- ASSIGNMENT
In the data that follows, find the line with "Luigi Di Nunzio"; transcribe it, every later line up to the one with "Mini <span class=keywords><strong>Manual</strong></span>", and that line as well, exactly and with no others.

- SUPPLIED MATERIAL
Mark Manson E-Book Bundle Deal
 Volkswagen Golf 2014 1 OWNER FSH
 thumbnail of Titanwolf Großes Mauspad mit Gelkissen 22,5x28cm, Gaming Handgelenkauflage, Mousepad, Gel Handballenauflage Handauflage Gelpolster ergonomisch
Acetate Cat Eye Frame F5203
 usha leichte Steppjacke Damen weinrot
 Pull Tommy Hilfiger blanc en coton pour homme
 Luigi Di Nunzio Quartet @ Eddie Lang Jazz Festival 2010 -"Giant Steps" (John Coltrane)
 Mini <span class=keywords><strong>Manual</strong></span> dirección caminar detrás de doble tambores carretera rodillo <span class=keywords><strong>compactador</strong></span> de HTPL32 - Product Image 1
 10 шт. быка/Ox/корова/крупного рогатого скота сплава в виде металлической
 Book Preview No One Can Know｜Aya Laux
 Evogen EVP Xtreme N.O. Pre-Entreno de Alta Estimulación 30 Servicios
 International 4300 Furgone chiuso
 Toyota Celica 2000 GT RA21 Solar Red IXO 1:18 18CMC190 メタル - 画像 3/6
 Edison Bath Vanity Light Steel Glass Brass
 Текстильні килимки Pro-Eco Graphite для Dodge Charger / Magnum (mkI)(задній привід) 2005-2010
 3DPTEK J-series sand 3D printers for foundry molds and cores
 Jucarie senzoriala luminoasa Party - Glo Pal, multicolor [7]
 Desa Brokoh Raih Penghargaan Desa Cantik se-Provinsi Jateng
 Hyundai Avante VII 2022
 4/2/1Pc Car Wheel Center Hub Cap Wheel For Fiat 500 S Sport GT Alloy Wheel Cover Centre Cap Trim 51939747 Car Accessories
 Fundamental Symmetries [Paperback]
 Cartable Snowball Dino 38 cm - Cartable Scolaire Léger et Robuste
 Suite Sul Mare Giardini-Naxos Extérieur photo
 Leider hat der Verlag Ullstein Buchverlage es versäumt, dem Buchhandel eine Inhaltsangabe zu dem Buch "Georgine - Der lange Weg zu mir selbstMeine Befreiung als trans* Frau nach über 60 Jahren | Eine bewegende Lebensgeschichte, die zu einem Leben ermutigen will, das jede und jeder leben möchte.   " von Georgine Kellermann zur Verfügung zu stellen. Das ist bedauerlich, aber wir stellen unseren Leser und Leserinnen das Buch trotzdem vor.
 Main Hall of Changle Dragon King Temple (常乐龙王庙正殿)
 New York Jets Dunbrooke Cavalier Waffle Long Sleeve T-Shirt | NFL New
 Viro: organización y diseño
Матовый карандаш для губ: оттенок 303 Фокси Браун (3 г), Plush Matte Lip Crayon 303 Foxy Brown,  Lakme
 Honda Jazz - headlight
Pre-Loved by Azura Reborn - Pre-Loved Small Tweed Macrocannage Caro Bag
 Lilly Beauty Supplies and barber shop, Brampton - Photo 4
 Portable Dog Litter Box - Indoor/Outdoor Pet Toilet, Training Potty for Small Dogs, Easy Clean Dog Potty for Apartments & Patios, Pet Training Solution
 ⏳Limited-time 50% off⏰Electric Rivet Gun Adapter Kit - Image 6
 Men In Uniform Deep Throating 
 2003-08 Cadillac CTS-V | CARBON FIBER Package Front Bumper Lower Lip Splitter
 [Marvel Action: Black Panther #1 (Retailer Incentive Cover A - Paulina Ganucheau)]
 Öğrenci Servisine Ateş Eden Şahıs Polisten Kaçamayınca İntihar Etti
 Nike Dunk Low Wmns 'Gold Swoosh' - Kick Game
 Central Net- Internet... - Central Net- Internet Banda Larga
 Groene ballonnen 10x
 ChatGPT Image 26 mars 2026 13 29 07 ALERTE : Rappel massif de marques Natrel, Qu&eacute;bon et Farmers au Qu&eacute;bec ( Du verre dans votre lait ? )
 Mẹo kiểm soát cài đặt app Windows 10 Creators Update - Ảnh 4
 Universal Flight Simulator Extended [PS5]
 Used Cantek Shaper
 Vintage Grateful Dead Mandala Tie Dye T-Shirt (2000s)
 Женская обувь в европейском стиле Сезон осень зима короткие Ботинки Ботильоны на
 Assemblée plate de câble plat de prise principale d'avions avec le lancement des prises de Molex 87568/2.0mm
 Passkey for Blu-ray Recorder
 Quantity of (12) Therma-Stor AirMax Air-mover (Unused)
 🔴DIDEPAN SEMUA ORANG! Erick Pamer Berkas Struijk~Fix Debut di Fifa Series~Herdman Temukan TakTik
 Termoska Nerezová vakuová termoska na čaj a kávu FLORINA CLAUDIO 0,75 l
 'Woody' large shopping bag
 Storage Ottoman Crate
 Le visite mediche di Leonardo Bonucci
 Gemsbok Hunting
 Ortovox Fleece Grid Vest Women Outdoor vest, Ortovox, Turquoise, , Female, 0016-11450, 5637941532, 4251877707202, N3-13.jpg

- EXERCISE RESULT
 Luigi Di Nunzio Quartet @ Eddie Lang Jazz Festival 2010 -"Giant Steps" (John Coltrane)
 Mini <span class=keywords><strong>Manual</strong></span> dirección caminar detrás de doble tambores carretera rodillo <span class=keywords><strong>compactador</strong></span> de HTPL32 - Product Image 1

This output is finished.